Local city councils are responsible for making sure that those obliged to take the exam do so. Failure to pass the test within the allotted time can result in financial penalties. The specifics depend on the resident's place of residence and can total anywhere from several hundred to more than 1,000 euros. However, residents can request additional time to prepare for the exam if their reasons for not adhering to their obligation is deemed sufficient. Contrary to popular belief, a resident cannot be denied residency because they have not passed the exam.

==Exceptions==
The law does not apply to:
- Dutch nationals who reside abroad (see below for earlier drafts of the law)
- citizens of fellow EU countries, EEA countries, Switzerland and their legal spouses who are non EU nationals.
- minors (under the age of 18)
- retirees as per to retirement age in Netherlands (over the age of 66)
- residents who have certified diplomas, certificates etc. from certified Dutch-language institutions, for example Surinamese people;
- temporary foreign workers of Dutch employers or companies which are based in or operate within Netherlands
- temporary foreign and exchanges students and other academic researchers

In 2010, a Dutch judge ruled that the law ought not to be extended to Turkish citizens, because of an association treaty between the European Union and Turkey.

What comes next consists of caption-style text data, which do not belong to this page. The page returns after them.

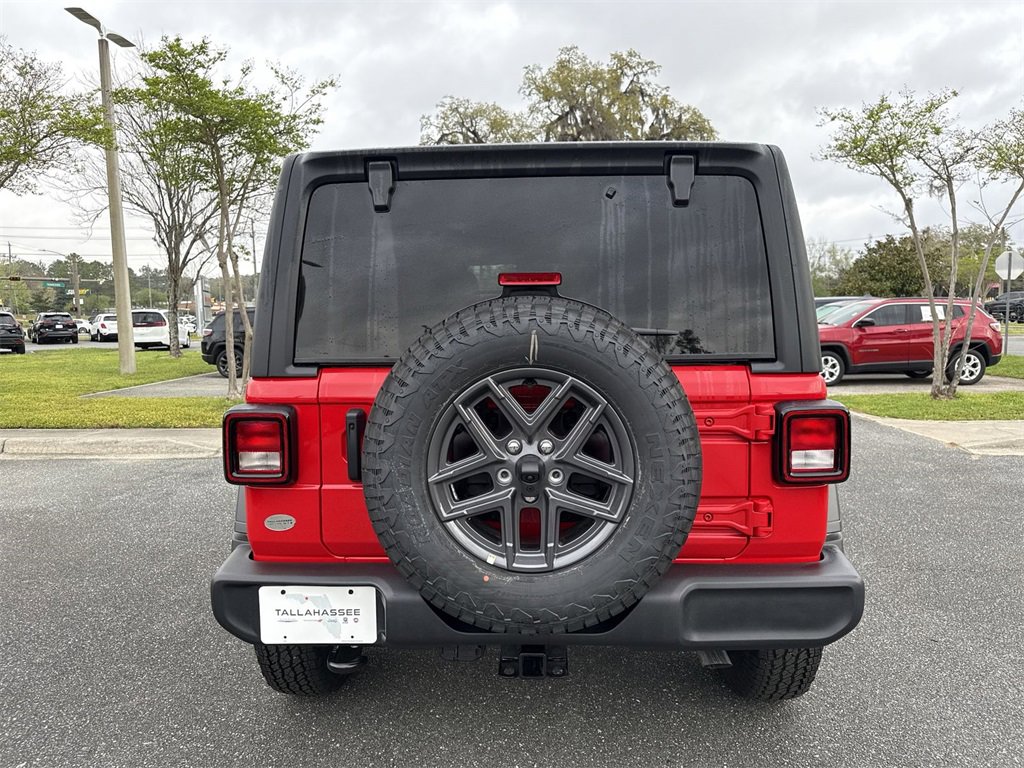 New 2025 Jeep Wrangler Sport S image 4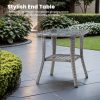 product-fancy-58705183-1e20-401e-8824-8374e39116ce 6pcs Outdoor Patio Furniture Set with Swivel Rocking Chairs, High Back Outdoor Sectional Sofa Sets with Side Table - Handwoven Rattan Outside Seating Sofa, Weather-Resistant Couch for Garden/Deck/Backyard/Decor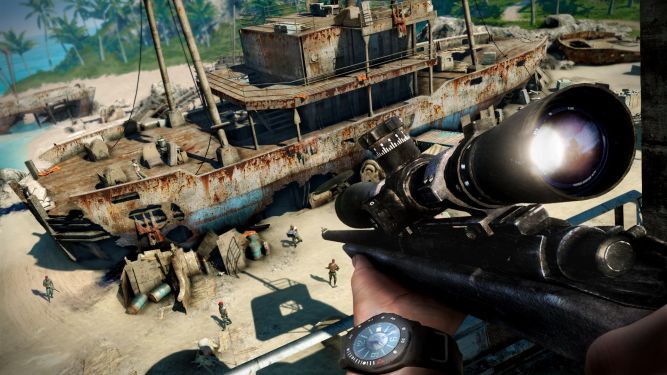 W Far Cry 3 będzie chodziło o to, aby dać graczom działać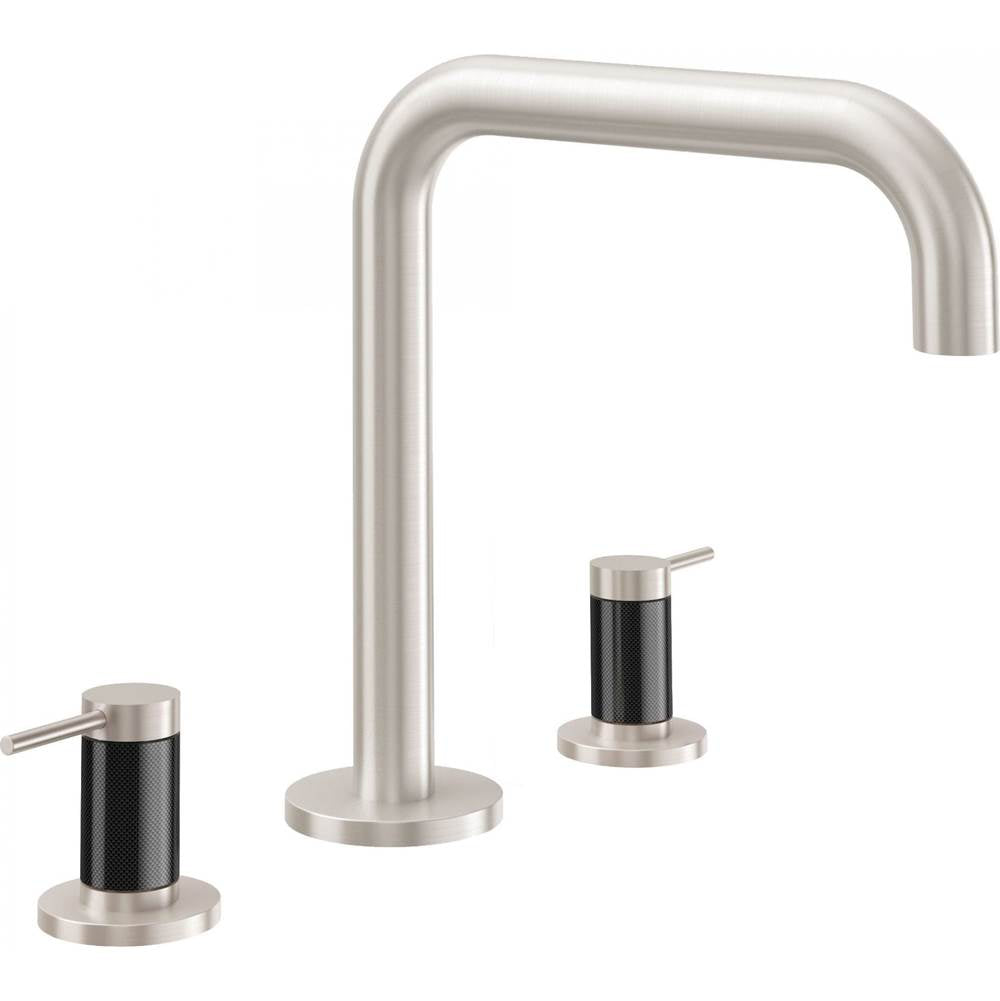 California Faucets - Complete Roman Tub Set - Gloss White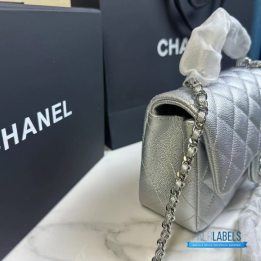 QC Chanel Mini Top Handle Rectangular Flap Bag
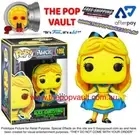 FUNKO POP VINYL DISNEY ALICE IN WONDERLAND #1058 ALICE CURTSYING BLACKLIGHT GLOW
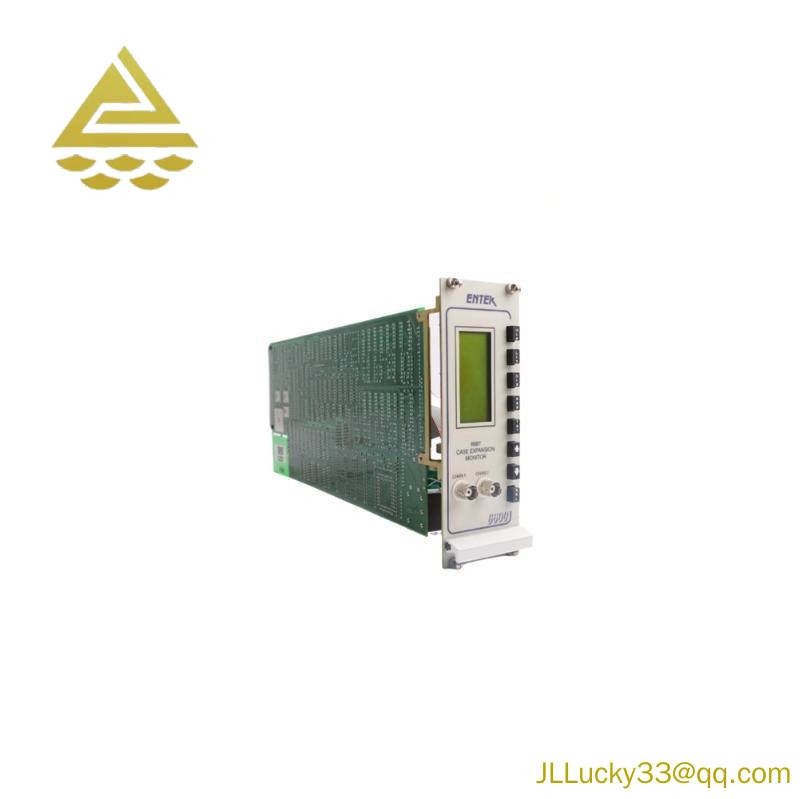 ENTEK C6687 6687 Ird Axial Position Monitory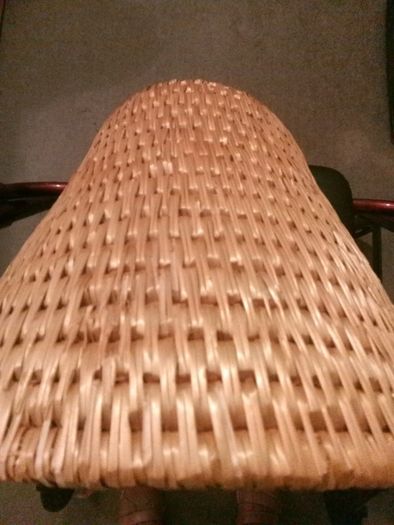 Beautiful straw basket 10 inches depth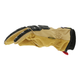 Перчатки тактические зимние Mechanix® Coldwork™ Waterproof Leather M-Pact® Driver F9-360 Gloves S Tan/Black - изображение 4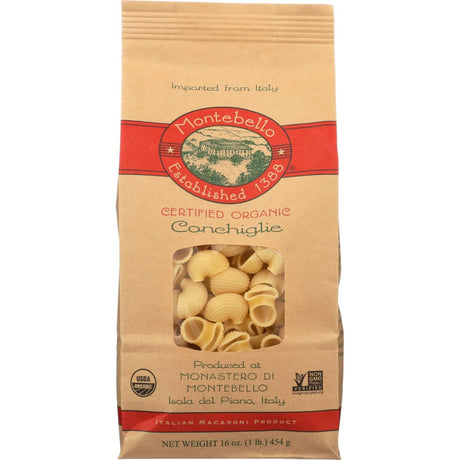 MONTEBELLO: Conchiglie Pasta, 16 oz - #tag1# - #tag2#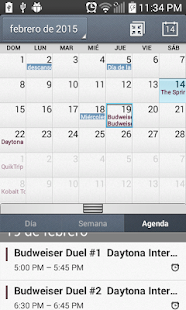 Lastest Nascalendar APK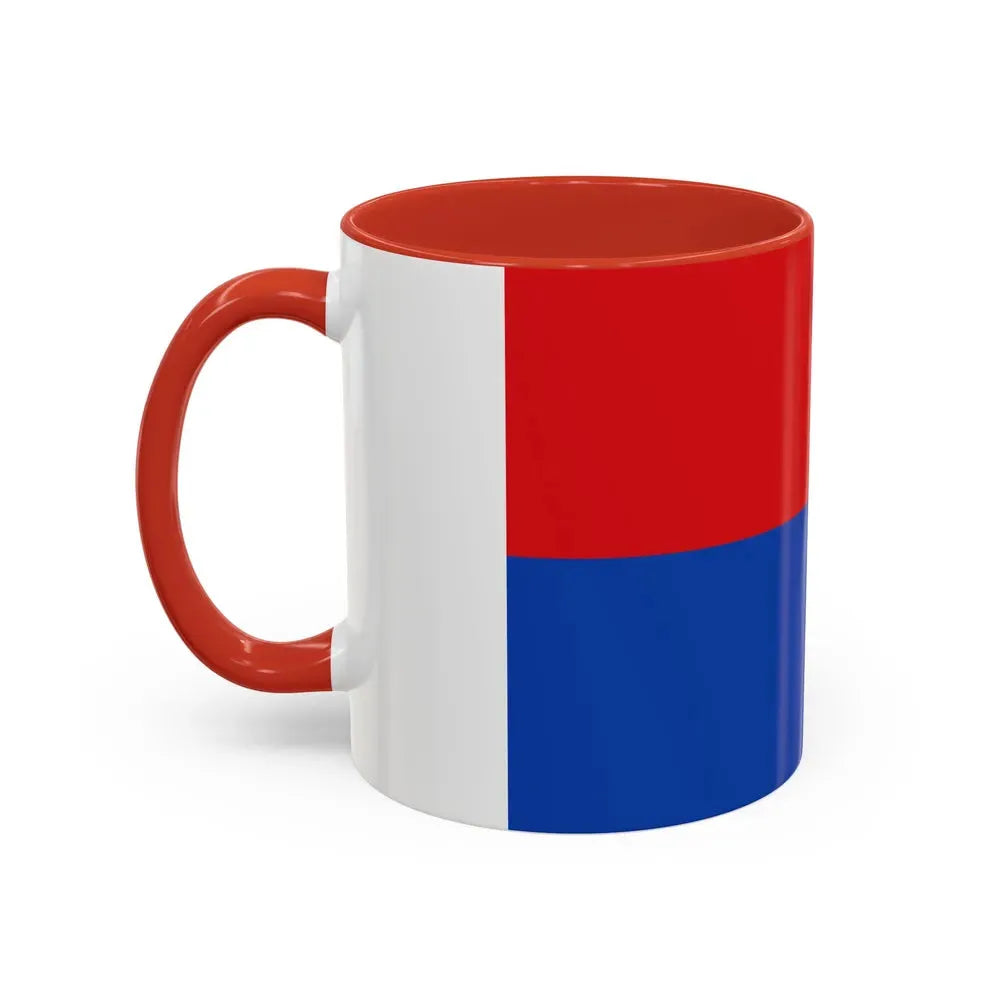 Flag of Cartago Province Costa Rica - Accent Coffee Mug - Go Mug Yourself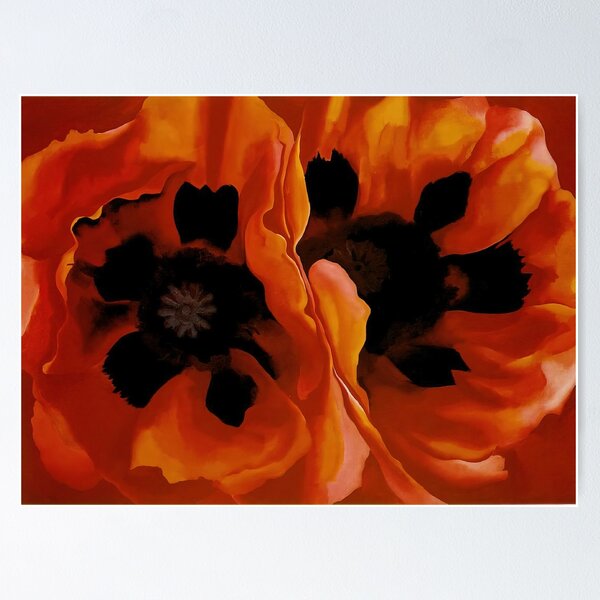 Item preview, Oriental Poppies by Georgia O'Keeffe designed and sold by Artcol.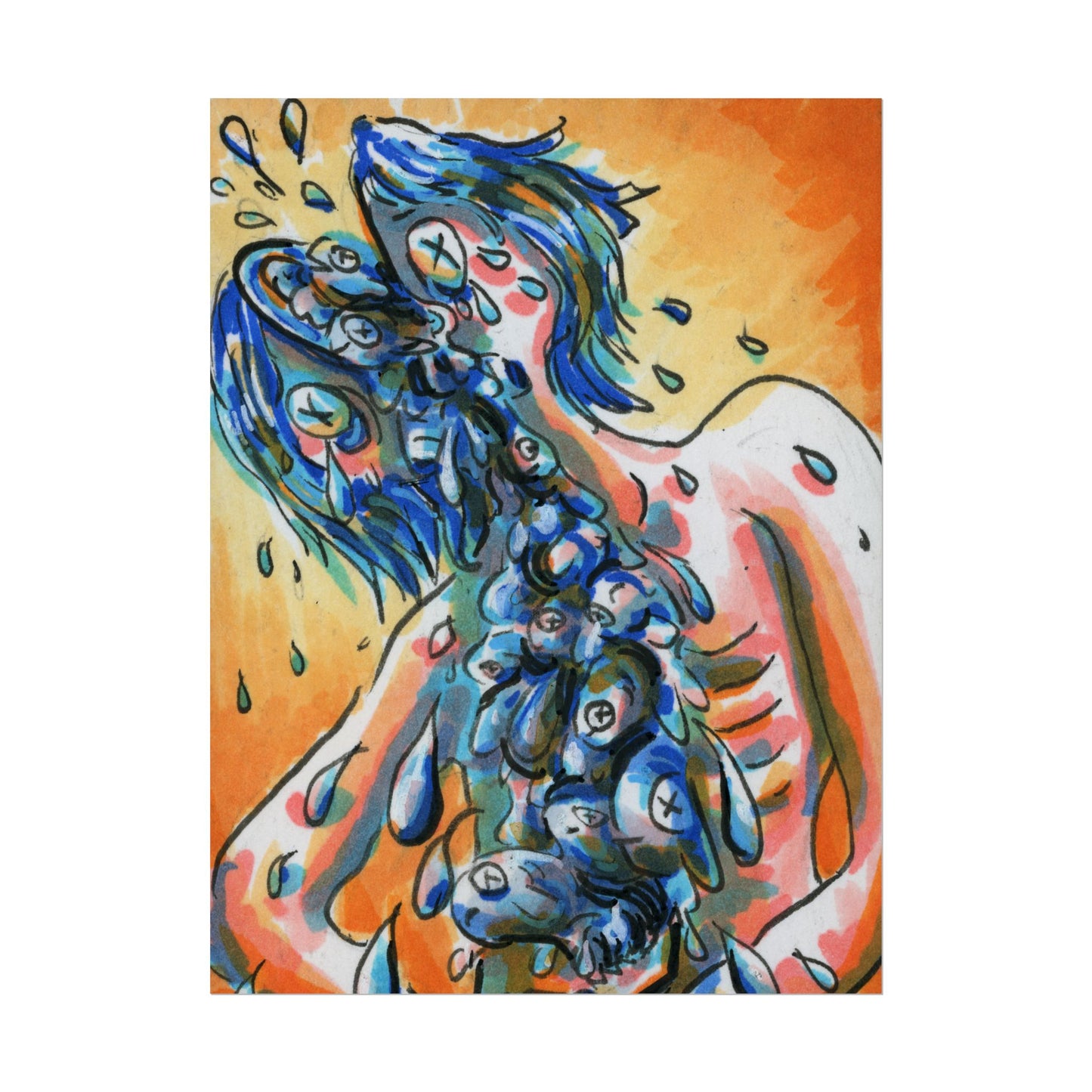 "Gutted like a Fish" poster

==Implementation and cost==
The civic integration exam costs €250. The cost to learn the Dutch language can vary by the school, and how much Dutch the pupil already knows. The total amount DUO is willing to loan an asylum seeker to complete their studies is in excess of €10,000.

==Controversy==
A major aspect of the controversy relates to the language proficiency requirement. The 2022 reforms introduced a higher language threshold for immigrants seeking permanent residency or citizenship. The required proficiency level was increased from CEFR A2 to B1, which is considered more challenging. While the A2 level is still accepted for certain pathways, the B1 level, is necessary for permanent residency. This change has been criticized as an obstacle to integration, as achieving B1-level proficiency within the three-year integration period may be difficult for certain groups.

Additionally, the financial burden placed on immigrants has raised concerns. Under the law, asylum seekers receive municipal support for integration courses and exams, but other groups, such as family migrants, are required to finance their own integration. This situation disproportionately affects lower-income individuals and has been viewed as a barrier to successful integration. The potential for penalties if the integration process is not completed within the required timeframe adds further stress, with fines and, in some cases, the denial of residency status posing risks to immigrants who struggle to meet the requirements.

The reforms also altered the support system for immigrants. While municipalities are responsible for overseeing the integration process, the extent of support varies depending on the category of the immigrant. Asylum seekers receive comprehensive assistance, but others, such as family members of skilled workers, are often left to navigate the integration system independently. This has led to criticisms of inequity in the distribution of resources and support.